After reading Publisher George Hearst’s latest e-mail, a colleague stopped me in the hall.
“Did the other unions agree to get rid of their seniority?”
“Did they agree to let the Company outsource their jobs?”
“Then what the hell is George talking about?”
In his message, the publisher said the other four unions in the plant had all agreed to offer concessions due to the changed nature of the business and acted as if your Guild representatives were just refusing to be helpful.
Of the other contracts, I am most familiar with the Teamsters’ pact in the mailroom. And, yes, they made some significant concessions. They lowered starting pay and extended how long it would take to get to the top scale. They made some changes to scheduling that give more, to use George’s favoritie word, flexibility on bringing people in when there is work to be done. And they agreed to “insource” work that they would do, handling packaging from the Connecticut papers, for example.
That all sounds pretty reasonable, doesn’t it? Let me amend this comment a bit, because we didn’t mean to make it sound as if these were not difficult decisions and significant gives from our brothers and sisters in the other unions. They were, and we respect that. But comparing those concessions to what the Company is demanding from us is like comparing apples to orangutans. Allowing unlimited outsourcing and picking and choosing employees to lay off strikes at the fundamental reasons employees have a union.

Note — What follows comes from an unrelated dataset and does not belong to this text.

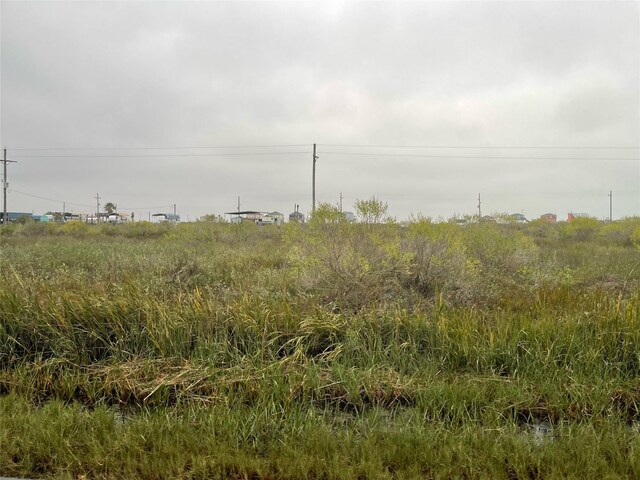 Listing photo 2 for 1116 Gulf Supply Rd, Gilchrist TX 77617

Of course, the publisher is not proposing we accept the pay raises he gave the Teamsters. Or the bonus days for every sick day they don’t take. Or the generous buyout provisions. (At the time the agreement was reached last year, the Company envisioned building a new press and eventually reducing the ranks of the mailers.) The Company only tends to compare one contract to another when it wants a union to give up something, not when one’ s benefits are better than another.
And Mr. Hearst provides an inaccurate description of the Guild’s statement that the Company has declared “war” on us. We made that comment in reference to the Company’s unprecedented decision to cancel our contract, not as a comment on its bargaining proposals.
The publisher has also repeatedly asserted that he canceled the contract because negotiations were not moving as quickly as he wanted. They’d have moved quicker if he had shown up on time, not canceled as many sessions (because he was too busy with meetings over a new press that now appears doomed) and had not gone five weeks between sessions and then showed up empty-handed.
And here is one last undeniable fact: On the two major issues that Mr. Hearst calls central to these negotiations, the Guild has presented concessions on both. We’ve offered guidelines for outsourcing and to change the rules on layoffs from by department to by job title.
The Company? Its proposal on outsourcing is unchanged. Its proposal on seniority worsened, eliminating the rehire rules.
This week, we have three consecutive days of bargaining. We come to the table, as we have since day one, willing to compromise. We also come knowing we have the full support of the community and our membership should the Company continue to refuse to compromise on the most critical issues we face.